Belle has recently inherited the cabin, which once belonged to a grandmother she never knew – a legendary fly fisher and journalist from the 1920s. Kate Watkins may have once been spoken of with great reverence and pride among her peers, but after she is accused of murdering her lover, her life falls into ruins. Her fortune lost in the stock market crash and her reputation utterly destroyed, Kate retreated into seclusion in the remote cabin. After her death, the fishing cabin remained locked and virtually abandoned for decades.
Little does Belle realize that by opening the cabin doors to Mia for a summer’s sanctuary, she will be reopening the scandal that has plagued her family for generations.

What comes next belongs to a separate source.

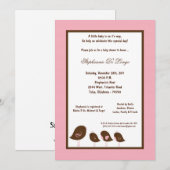 Invitation 5x7 Baby shower d'oiseaux rose clair (Devant / Derrière)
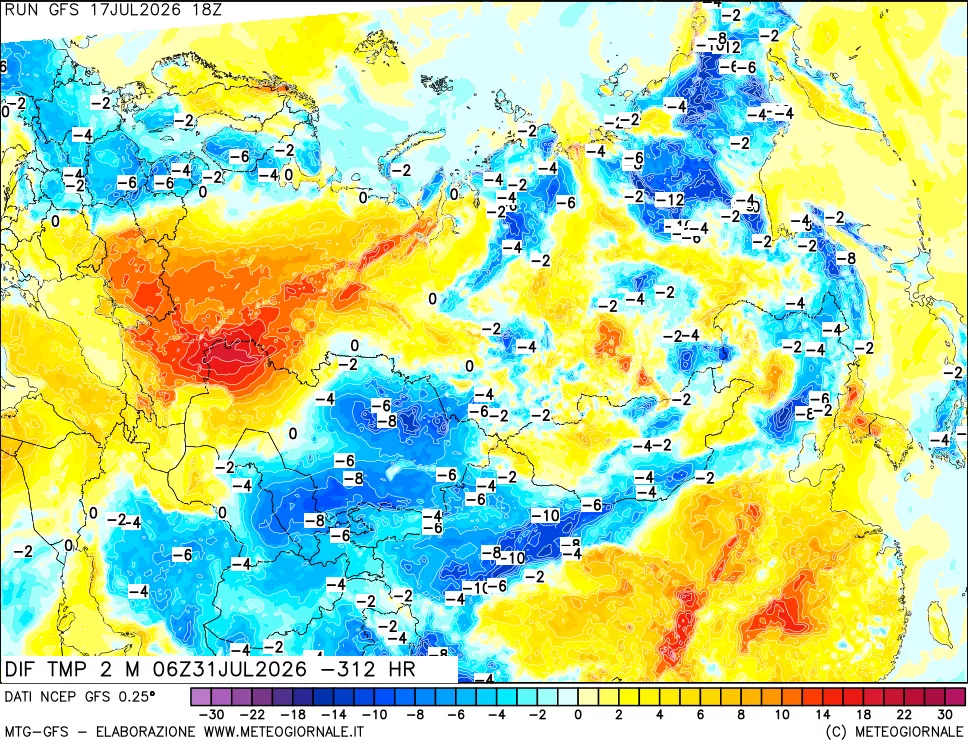 mappa Dif. Temp a 2 metri Valid - Init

From her first step inside the dusty cabin, Mia is captivated by the remnants of Kate’s mysterious story left behind in the eccentric furnishings of her cabin. And though Belle, ashamed of the tabloid scandal that tortured her mother, warns Mia not to fan the flames, Mia feels compelled to find out more about Kate…especially when she discovers Kate’s journal.
The inspiring words of a remarkable woman echo across the years; and Mia – just learning to fly-fish – finds Kate’s wise words comparing life to a river resonate deeply. She begins a quest to uncover the truth behind the lies. As she searches newspaper archives and listens to the colorful recollections of the local residents, the story of a proud, fiercely independent woman emerges.
Mia feels a strange kinship with the woman who, like her, suffered fears, betrayal, the death of loved ones, and a fall from grace – yet found strength, compassion and, ultimately, forgiveness in her isolation. A truly inspiring story is revealed – timeless in its appeal, with the power to reopen old wounds, but a story which also is a miraculous balm – bringing peace and healing for Mia, for Kate’s descendants, and for all those in Mia’s new community.
I absolutely enjoyed reading this book. I found that the plot was relatively fast-paced – although there were some scenes that moved along at a more leisurely pace. Overall though, this was a very quick read that drew me in right from the beginning. I was also intrigued by the mysterious subplot and wanted to know what would happen next. I give this book an A! and look forward to reading more from this author in the future.